Choose the taxonomic level you want to plot (Choose from Phylum, Class, Order, Family, Genus, Species)

In [None]:
taxgroup <- "Order"

Generate the data for plotting. > 1% relative abundance only

In [None]:
# Run amp_boxplot to generate aggregated data for the chosen taxonomic level, but output as a data object rather than plotting
x <- amp_boxplot(ampvisdata, tax_aggregate = taxgroup, tax_empty = "remove", normalise = F)
# Filter out any taxa with > 1% relative abundance
# First calculate mean on aggregated taxa
x2 <- aggregate(x$data$Abundance, list(x$data$Display), mean)
# Select taxa only with abundance > 1%
x3 <- x2[x2$x > 0,]
# Pull out just those taxa in x$data
x4 <- x$data[x$data$Display %in% x3$Group.1, ]
# Remove duplicate rows (means already calculated, duplicates only cause bias)
x5 <- x4[!duplicated(x4), ]

If you want your samples to be in a specific order on the plot (e.g. to cluster them by groups) then you need to re-order the levels, as you did in the previous sections. If you don't want to re-order your samples

Check the current order of your samples:

In [None]:
levels(factor(x5$Sample))

Set the order of the samples how you like (all samples have to be inlcluded) then re-order them by running the below two code cells:

In [None]:
lev <- c("PS.F1", "PS.F4", "PS.F7", "PS.F11", "PS.F12", "PS.F21", "PS.F24", "PS.N6", "PS.N8", "PS.N10", "PS.N11", "PS.N12", "PS.N13", "PS.N19", "PS.N22", "PS.N23", "PS.N24", "PS.F16", "PS.F18", "PS.F5", "PS.F9", "PS.F14", "PS.F15", "PS.F17", "PS.F22")

In [None]:
x5$Sample <- factor(x5$Sample, levels = lev)

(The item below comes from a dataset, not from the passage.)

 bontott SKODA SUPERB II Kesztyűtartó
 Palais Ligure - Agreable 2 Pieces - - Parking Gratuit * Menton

Generate stacked bar plot. 

As with previous plots, you can modify colours (`scale_fill_manual()` is using the `c25` vector of colours we defined in section 2. 

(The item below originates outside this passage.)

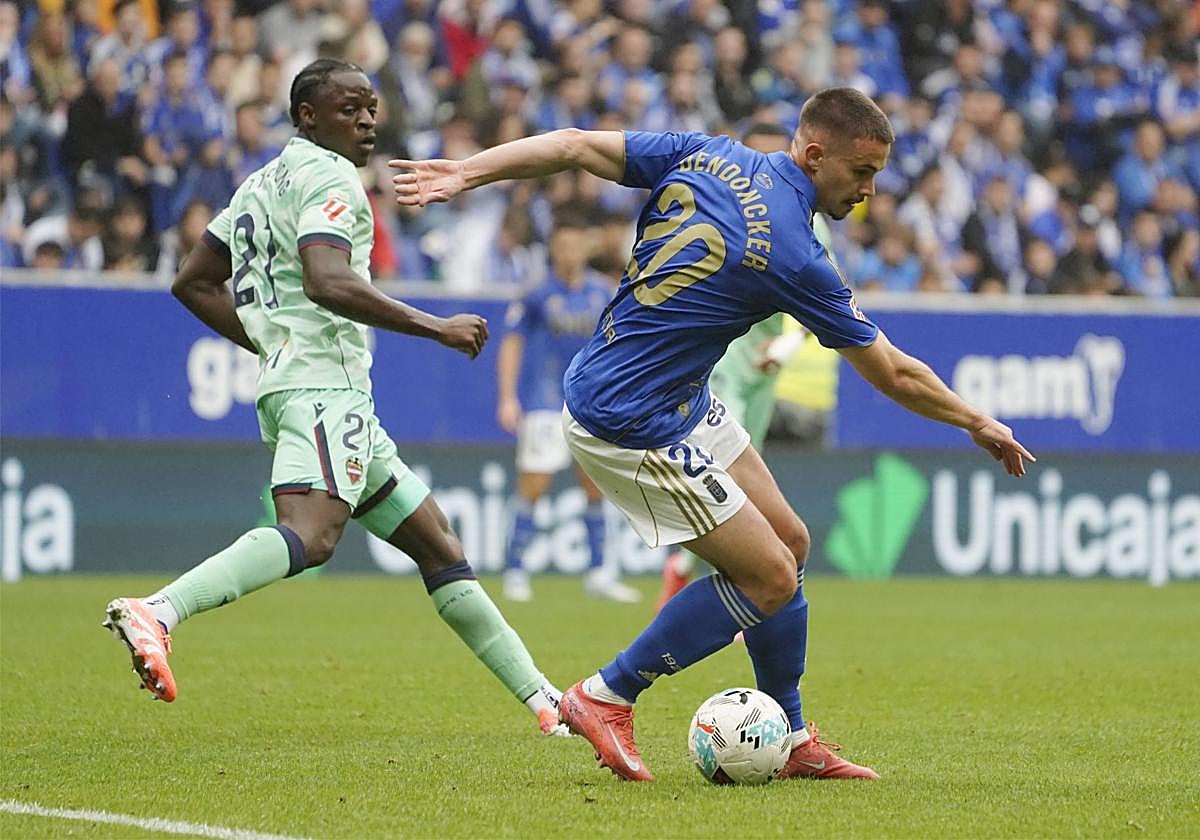 Etta Eyong y Dendoncker pelean por el balón.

You can change the `c25` colours in section 2 or add colours of your choice to the below code, e.g. `scale_fill_manual(values = c("red", "blue", "green"))`)

You can also change axis labels, text size and angle, [default theme](https://ggplot2.tidyverse.org/reference/ggtheme.html), etc.

Feel free to add additional modifications to this or any other plot in this Notebook. Here is a good guide for doing this: http://r-statistics.co/Complete-Ggplot2-Tutorial-Part2-Customizing-Theme-With-R-Code.html

In [None]:
p <- ggplot(x5, aes(x = Sample, y = Abundance, fill = Display))
p <- p + geom_bar(position="fill", stat="identity") +
  labs(y = "Abundance (%)") +
  theme_classic() +
  scale_y_continuous(label = label_percent()) + 
  scale_fill_manual(values = c25) + 
  theme(text = element_text(size = 18), axis.text.x = element_text(angle = 90, size=12), axis.text.y = element_text(size=14)) + 
  labs(fill = taxgroup)
p

To plot a different taxonomic level, You can change `taxgroup <- "Phylum"` above to another taxonomic level, then re-run the code from that point.

You can save your plot as a 300dpi (i.e. publication quality) tiff or pdf file. **These files can be found in your working directory.**

**Tip:** you can adjust the width and height of the saved images by changing `width =` and `height =` in the code below (and every time ggsave appears in this workflow). Pdf files can be opened within Jupyter, so a good way to test a suitable width/height would be to save the image by running the pdf code below with the default 20cm width/height, then open the pdf file by clicking on it in the file browser panel (to the left of this notebook), then change the width/height and repeat this process as needed.

Export as a 300dpi tiff

In [None]:
tiff_exp <- paste0("community_tax_abund_bar_plot_", taxgroup, ".tiff")
ggsave(file = tiff_exp, dpi = 300, compression = "lzw", device = "tiff", plot = p, width = 20, height = 20, units = "cm")

Export as a pdf

In [None]:
pdf_exp <- paste0("community_tax_abund_bar_plot_", taxgroup, ".pdf")
ggsave(file = pdf_exp, device = "pdf", plot = p, width = 20, height = 20, units = "cm")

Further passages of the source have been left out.